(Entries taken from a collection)

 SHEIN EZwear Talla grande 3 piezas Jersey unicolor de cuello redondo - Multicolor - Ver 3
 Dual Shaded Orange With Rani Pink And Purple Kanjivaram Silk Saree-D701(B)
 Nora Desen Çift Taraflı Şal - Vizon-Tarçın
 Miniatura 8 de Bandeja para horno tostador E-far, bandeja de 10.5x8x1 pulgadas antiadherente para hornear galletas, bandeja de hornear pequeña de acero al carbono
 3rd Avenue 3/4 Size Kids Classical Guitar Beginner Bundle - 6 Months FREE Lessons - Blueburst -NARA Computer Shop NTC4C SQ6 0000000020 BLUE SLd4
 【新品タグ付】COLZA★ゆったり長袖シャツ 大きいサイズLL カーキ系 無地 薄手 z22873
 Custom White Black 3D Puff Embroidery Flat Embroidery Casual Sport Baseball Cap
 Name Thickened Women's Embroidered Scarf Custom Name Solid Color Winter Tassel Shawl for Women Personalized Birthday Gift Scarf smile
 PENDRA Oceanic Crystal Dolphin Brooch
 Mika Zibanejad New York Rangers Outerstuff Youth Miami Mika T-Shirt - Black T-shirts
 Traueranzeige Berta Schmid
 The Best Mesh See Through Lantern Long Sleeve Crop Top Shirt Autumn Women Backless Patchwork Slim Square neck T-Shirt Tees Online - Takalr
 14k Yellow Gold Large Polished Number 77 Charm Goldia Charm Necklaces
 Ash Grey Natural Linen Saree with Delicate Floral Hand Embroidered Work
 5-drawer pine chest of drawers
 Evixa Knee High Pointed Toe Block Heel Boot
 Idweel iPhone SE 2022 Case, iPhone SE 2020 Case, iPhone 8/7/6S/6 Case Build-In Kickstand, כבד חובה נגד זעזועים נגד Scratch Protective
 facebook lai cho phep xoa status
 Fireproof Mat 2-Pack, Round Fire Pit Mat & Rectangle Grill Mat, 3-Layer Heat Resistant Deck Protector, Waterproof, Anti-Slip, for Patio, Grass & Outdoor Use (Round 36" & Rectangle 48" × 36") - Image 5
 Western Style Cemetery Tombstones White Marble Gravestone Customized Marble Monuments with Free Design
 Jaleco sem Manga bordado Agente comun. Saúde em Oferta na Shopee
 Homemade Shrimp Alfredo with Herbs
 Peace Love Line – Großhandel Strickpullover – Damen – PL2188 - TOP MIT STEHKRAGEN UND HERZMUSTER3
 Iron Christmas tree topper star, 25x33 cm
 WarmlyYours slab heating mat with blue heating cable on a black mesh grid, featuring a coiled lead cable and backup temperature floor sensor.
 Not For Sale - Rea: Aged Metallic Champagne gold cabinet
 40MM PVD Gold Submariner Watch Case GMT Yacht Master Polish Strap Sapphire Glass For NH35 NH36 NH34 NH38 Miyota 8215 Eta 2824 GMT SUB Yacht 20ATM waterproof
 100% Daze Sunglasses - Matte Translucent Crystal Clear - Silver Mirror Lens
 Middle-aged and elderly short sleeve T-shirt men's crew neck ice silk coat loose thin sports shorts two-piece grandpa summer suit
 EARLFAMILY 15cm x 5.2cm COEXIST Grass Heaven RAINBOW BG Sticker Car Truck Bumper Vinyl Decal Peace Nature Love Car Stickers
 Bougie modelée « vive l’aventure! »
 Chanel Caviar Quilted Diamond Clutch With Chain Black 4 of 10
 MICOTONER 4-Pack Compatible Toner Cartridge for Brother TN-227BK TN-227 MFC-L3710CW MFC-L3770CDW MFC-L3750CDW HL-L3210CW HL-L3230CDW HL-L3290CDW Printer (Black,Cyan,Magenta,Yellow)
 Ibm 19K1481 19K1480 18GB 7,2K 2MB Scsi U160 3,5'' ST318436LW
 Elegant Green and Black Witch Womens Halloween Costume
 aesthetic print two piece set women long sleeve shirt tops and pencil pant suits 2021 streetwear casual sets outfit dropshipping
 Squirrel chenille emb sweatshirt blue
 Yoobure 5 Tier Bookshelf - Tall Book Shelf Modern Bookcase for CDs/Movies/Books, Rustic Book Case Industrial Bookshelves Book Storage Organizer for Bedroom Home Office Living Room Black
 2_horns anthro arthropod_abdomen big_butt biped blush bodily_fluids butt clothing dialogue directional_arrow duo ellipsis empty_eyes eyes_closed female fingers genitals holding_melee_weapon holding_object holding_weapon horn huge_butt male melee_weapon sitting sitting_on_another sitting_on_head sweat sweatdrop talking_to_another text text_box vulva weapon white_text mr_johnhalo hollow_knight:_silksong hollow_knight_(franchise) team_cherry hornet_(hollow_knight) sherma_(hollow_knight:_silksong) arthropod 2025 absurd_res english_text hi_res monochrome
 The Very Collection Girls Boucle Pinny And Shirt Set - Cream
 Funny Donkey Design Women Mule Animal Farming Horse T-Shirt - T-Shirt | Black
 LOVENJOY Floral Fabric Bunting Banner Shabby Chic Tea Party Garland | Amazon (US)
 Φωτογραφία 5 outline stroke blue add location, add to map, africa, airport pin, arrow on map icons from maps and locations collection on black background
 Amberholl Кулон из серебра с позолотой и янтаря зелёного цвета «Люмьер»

**EXERCISE REQUIREMENTS:** Look above for the line holding "Traueranzeige Berta Schmid". Print it and every line after it, exactly, through the line holding "Ash Grey Natural".

**SOLUTION TO THE EXERCISE:**
 Traueranzeige Berta Schmid
 The Best Mesh See Through Lantern Long Sleeve Crop Top Shirt Autumn Women Backless Patchwork Slim Square neck T-Shirt Tees Online - Takalr
 14k Yellow Gold Large Polished Number 77 Charm Goldia Charm Necklaces
 Ash Grey Natural Linen Saree with Delicate Floral Hand Embroidered Work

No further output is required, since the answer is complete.